江戸時代の朝鮮通信使は、将軍の代がわりや慶事などの時に、朝鮮王朝の使節団が、朝鮮国王からの国書を持って来日したり、将軍の返書を持ち帰ったりした使節団のことを言います。
慶長12年(1607年)以降、12回にわたり、朝鮮から500人余りの使節団が日本を訪れました。朝鮮の漢陽(ハニャン=現在のソウル)を出発し、江戸(現在の東京)までの2000キロ弱(往復約3000キロ)に及ぶ大変な長旅でした。
海上では、日本側から迎える船などで大船団となり、陸上では日本側の警護などの人数を合わせると2000人にもなる大行列となりました。
当時、日本で朝鮮通信使の行列を目見物できることは、一生に1度か2度しか経験できないものであったため、街道にはたいへんな見物客が押し寄せたと言われています。まるで現在の韓流スターのようですね。
日本に内乱が続いていた南北朝時代、朝鮮の南部沿海地方や内陸を倭寇が荒らしまわり、その時の政府(高麗政府)は、その対策に苦慮していました。
そのような中で、1392年に李氏朝鮮が政権を奪還してからは、日本との外交関係樹立に努力しました。
一方、日本でも足利幕府が国内の内乱を収集し、中央政権を強化するにつれて、朝鮮や中国に対する平和的な外交関係を望むようになり、ようやく、日本・朝鮮の双方から使者の交換が行われるようになりました。
通信使の「通信」とは、「信」を通わすという意味であり、朝鮮通信使は、信頼関係に基づいた江戸時代の日本と朝鮮との平和交流であることにその意義がありました。
実は、足利時代から日本と朝鮮の国交が盛んになり、両国からの使者の往来も盛んに行われていましたが、豊臣秀吉の朝鮮出陣により一時中断してしまいます。
しかし、徳川幕府となってから、明(中国)との国交回復と貿易を目指した家康は、まず朝鮮との復交に力を入れ、通信使が再開しました。主に、この頃(江戸時代)の通信使を、「朝鮮通信使」と呼んでいます。

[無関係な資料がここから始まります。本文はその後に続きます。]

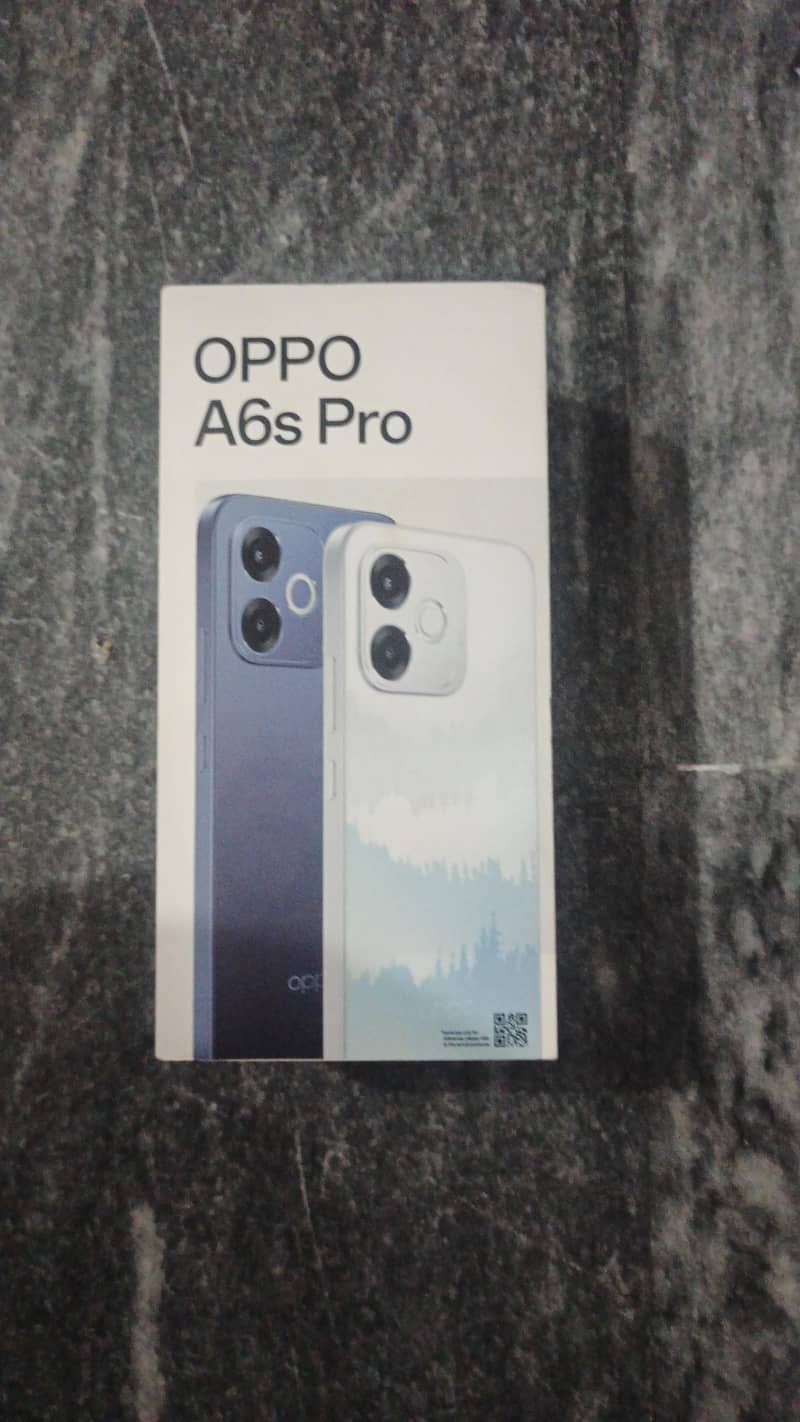 OPPO A6s pro 0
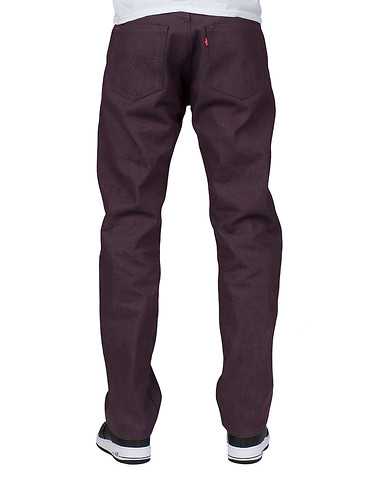 LEVIS MENS Medium Red Clothing / Jeans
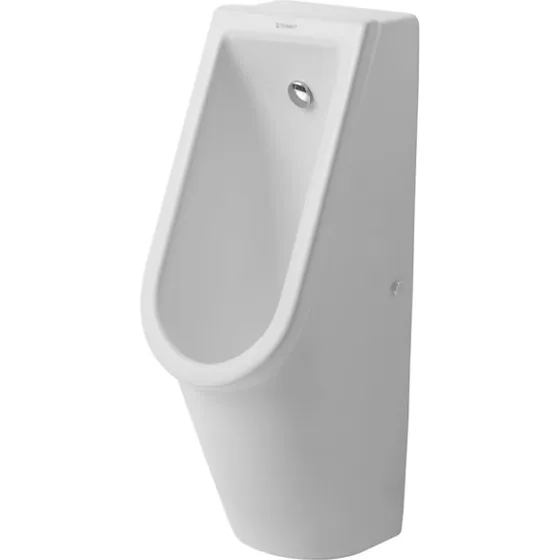 Duravit Starck 3 Urinal med jetdyser og flue - Hvid
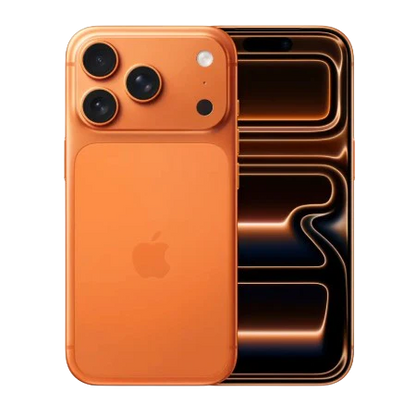 Apple iPhone 17 Pro 256GB Cosmic Orange / Deep Blue / Silver : Pre-booking ₹5,000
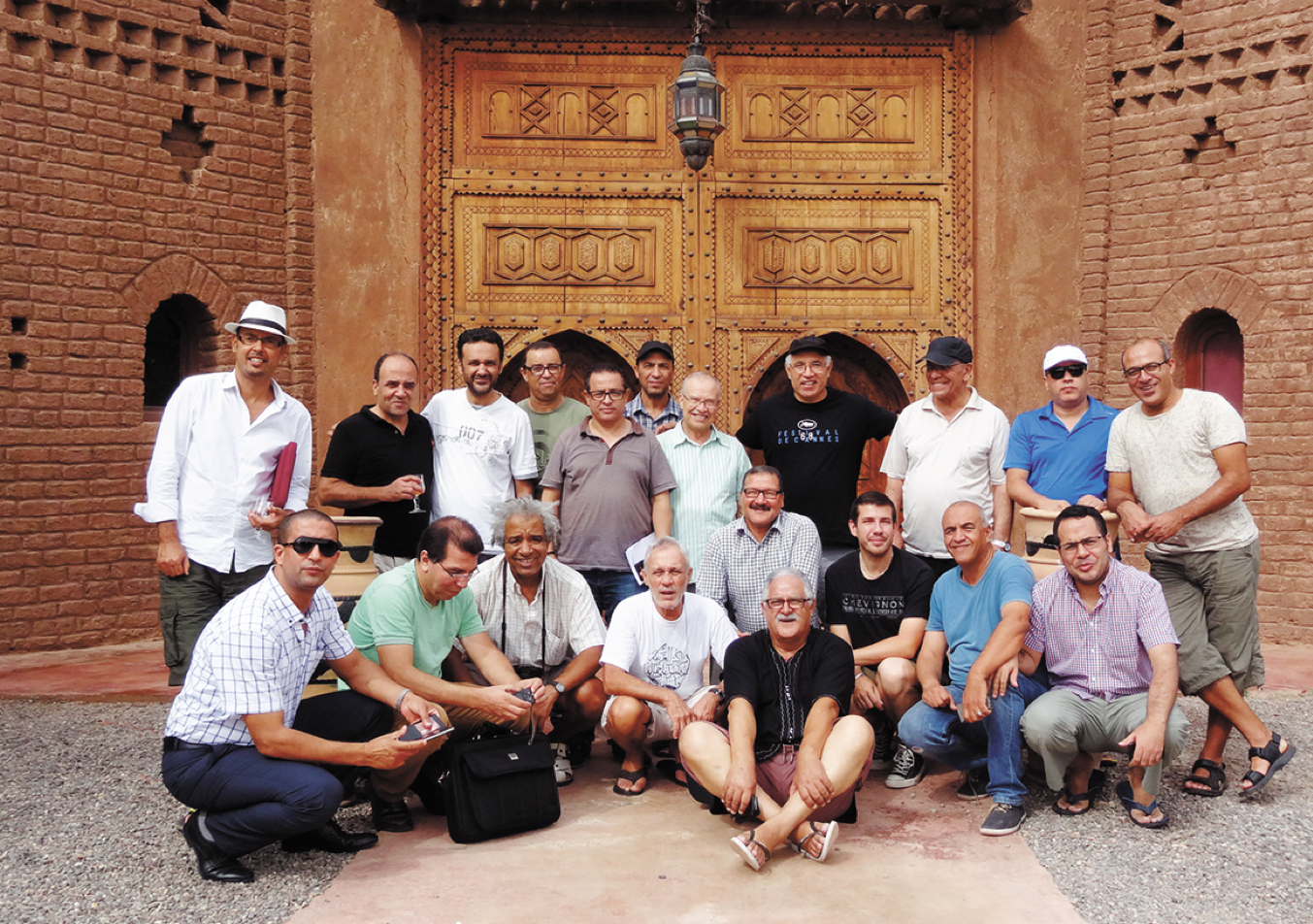 Les critiques  de cinéma  marocains  en conclave  à Marrakech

この朝鮮通信使は、1607年に通信使が再開してから200年余りに渡って12回、朝鮮から日本へ通信使がやってきました。
朝鮮国からの通信使の来日に対する国を挙げての歓迎行事を通じて、日本の民に幕府の権威を強く印象づけることに加えて、貿易による物資の交流や朝鮮の進んだ学問や文化を吸収するメリットもあったと考えられます。
秀吉の朝鮮侵略の経緯から、その当時日本に捕虜となった朝鮮人を連れて帰ることと、外交や日本の状況を把握するという目的があったと考えられます。
500人余りの通信使一行の長(ボス)は、正使(せいし)で、その他、副使(ふくし)、従事官(じゅうじかん)を含めた3人が通信使の責任者の三使です。
正使は、朝鮮国王からの国書を江戸幕府の将軍に渡すという大役を担っていました。
また、通信使の一行には、三使以外にも、書記や通訳、写字官、製述官の他に、楽隊や小童(才能のある子供たちの見聞を広めさせる目的で連れて行った)、そして日本の幕府要請で、医員や馬上材人(大道芸人)も派遣されました。